It's A Mad Mad Mad Mad World

No doubt, I've been neglecting this blog for over a month. Maybe some kind of schedule is needed to ensure regular inputs to the system. Truth is, I've been keeping very busy, struggling to put words on paper.

With everything going on these days, I feel like I am so unprepared according to my own internal timeline. To be honest, I've been doing a lot of research on a story thread that's been bouncing around in my head for some time now. That's how it works for me. I get just a thread of an idea - an inkling, or bug, that just won't go away. I  might spend a few hours or days, or even months running the idea down. Sometimes it pans out into something I must pursue further. Often times, the doubt monster sneaks up from behind to snatch the idea from me.
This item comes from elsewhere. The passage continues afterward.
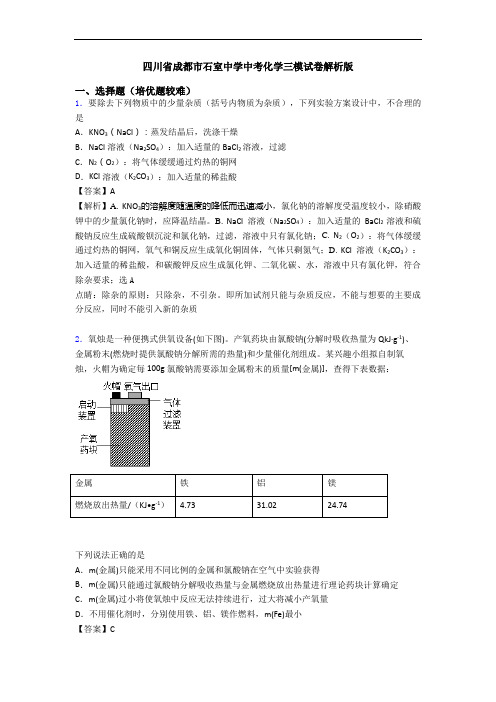 四川省成都市石室中学中考化学三模试卷解析版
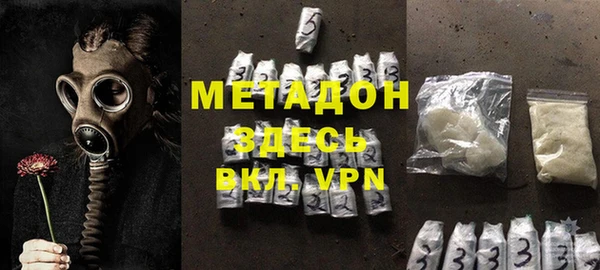 МДМА Новозыбков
I've been thinking about a story I published on Smashwords not long ago and am considering re-writing it into something longer. This, of course, is The Sentient Soldier, written as flash fiction and published by Eclectic Flash Magazine back in 2010. This story was originally intended to be of much broader scope but I felt it a worthy challenge to parse it down into the smallest piece for sale to the magazine.
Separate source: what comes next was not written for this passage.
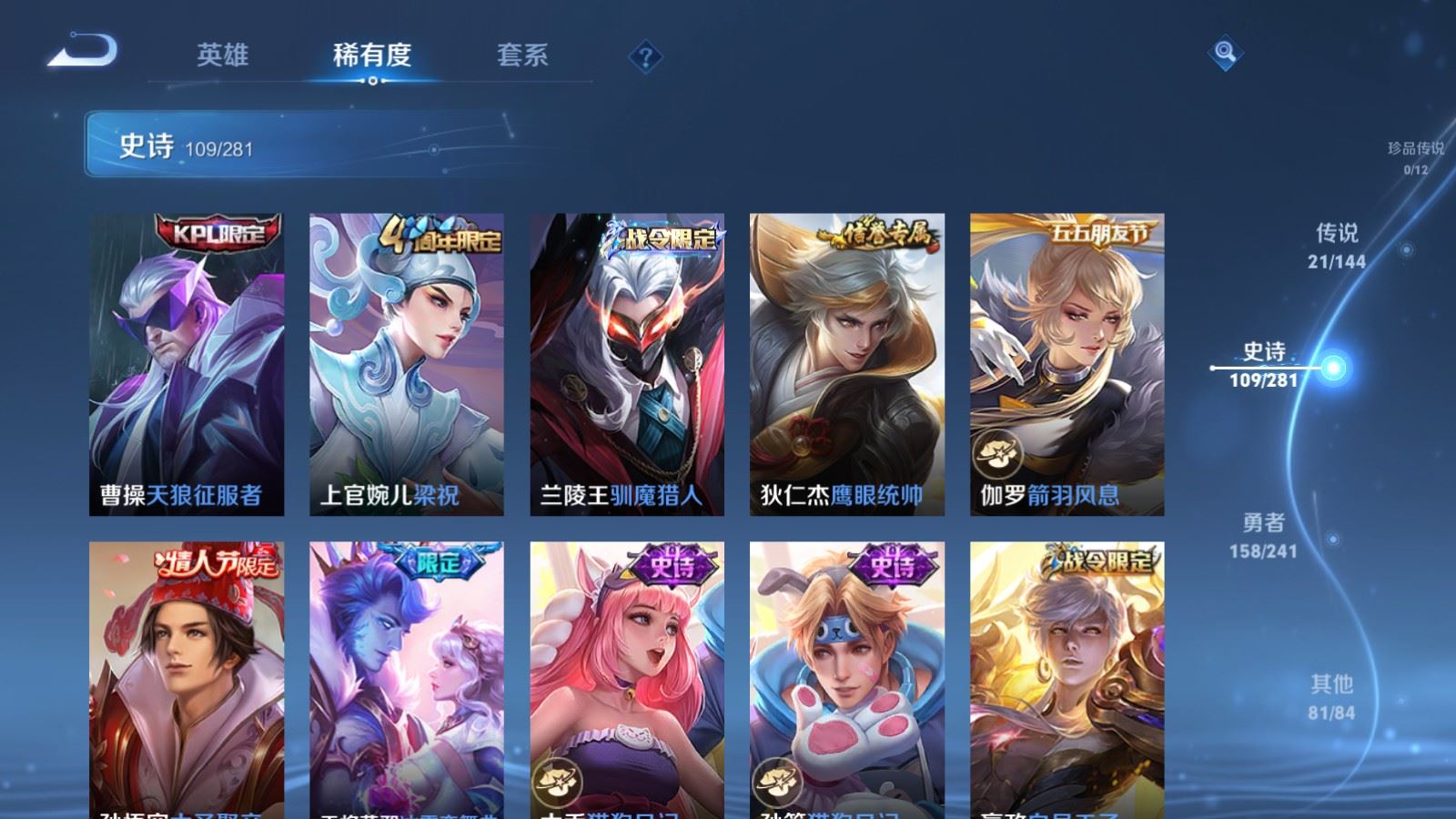 WZCMW4390337王者荣耀账号详情图14 WZCMW4390337王者荣耀账号详情图14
At the time, I was very proud of myself. I somehow managed to get the story down from near-novel size to just under seven hundred fifty words. Of course, a couple of reviewers of the work make clear their thoughts of its length. They said it should have been a short story or novel and it didn't really work for them at such a short length. Message heard, loud and clear!

Maybe soon, I'll post another story of one of my many follies as a child. I certainly seem to have an endless supply of those. I might write about the time I had to drive home with the passenger door to my car in my trunk after losing it in the mountains while mushroom picking. Or, I might tell of my first bit of combat training when one of our neighbors shot us with rock salt for playing in the woods behind her house. And people wonder why I'm all broken down now as I enter old age.